[Data excerpt — start]

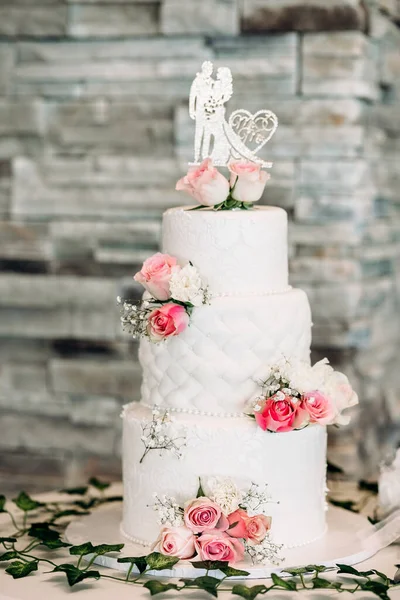 White wedding cake decorated with red roses and figurine in the shape of a bride and groom. Luxurious multi-level cake in the restaurant for the bride and groom. Traditional wedding cake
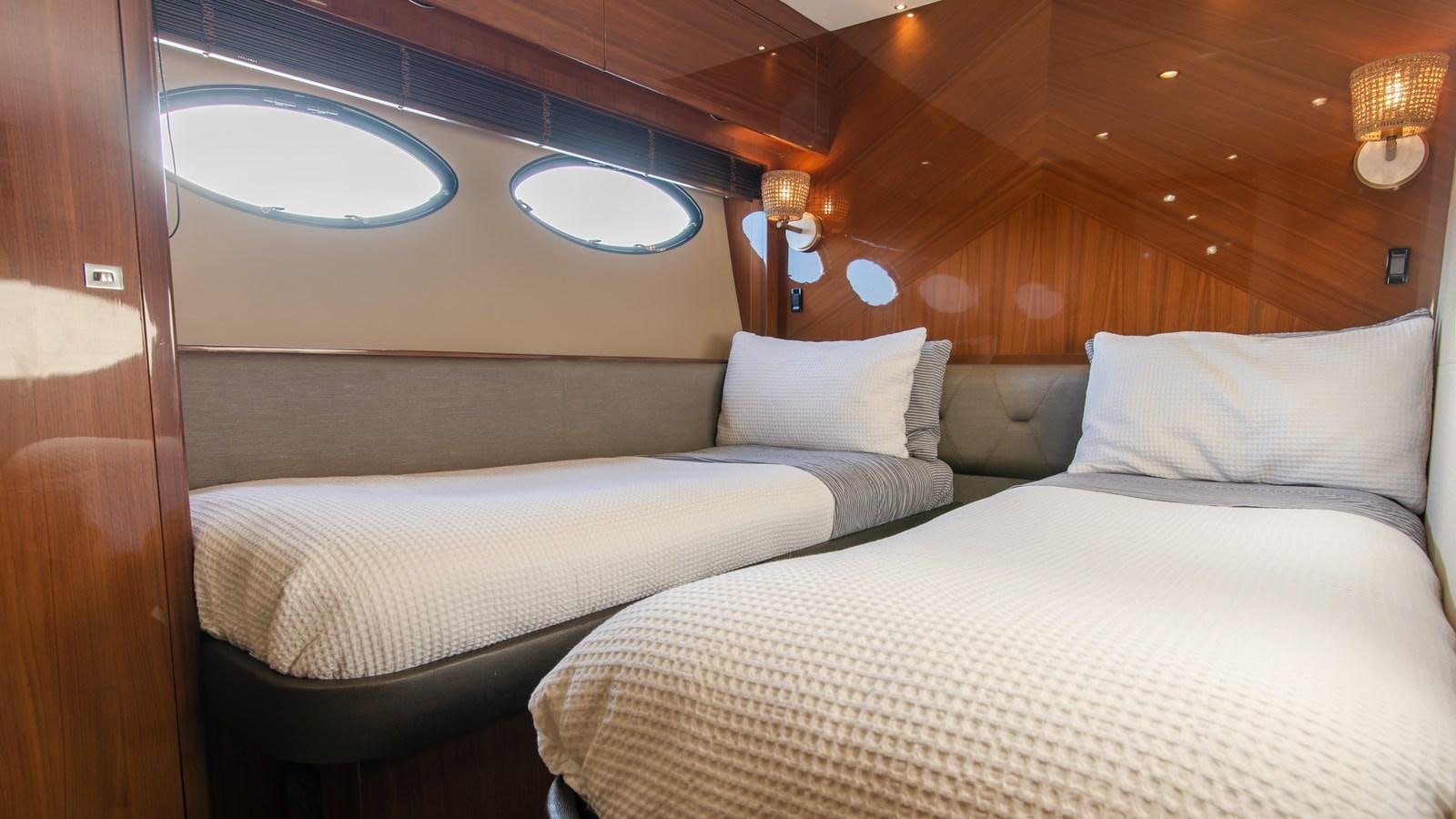 a couple of beds in a room aboard SEA WOLF Yacht for Sale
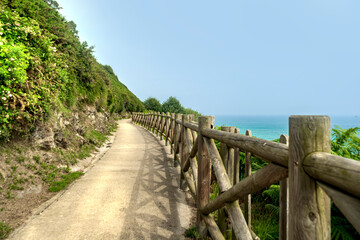 path with wooden fencing along the Atlantic Ocean, Northern Route Basque Country.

[Data excerpt — finish]

### Exercise
Every line above is to be returned exactly, with its pictures removed.

### Problem solution
 White wedding cake decorated with red roses and figurine in the shape of a bride and groom. Luxurious multi-level cake in the restaurant for the bride and groom. Traditional wedding cake
 a couple of beds in a room aboard SEA WOLF Yacht for Sale
 path with wooden fencing along the Atlantic Ocean, Northern Route Basque Country.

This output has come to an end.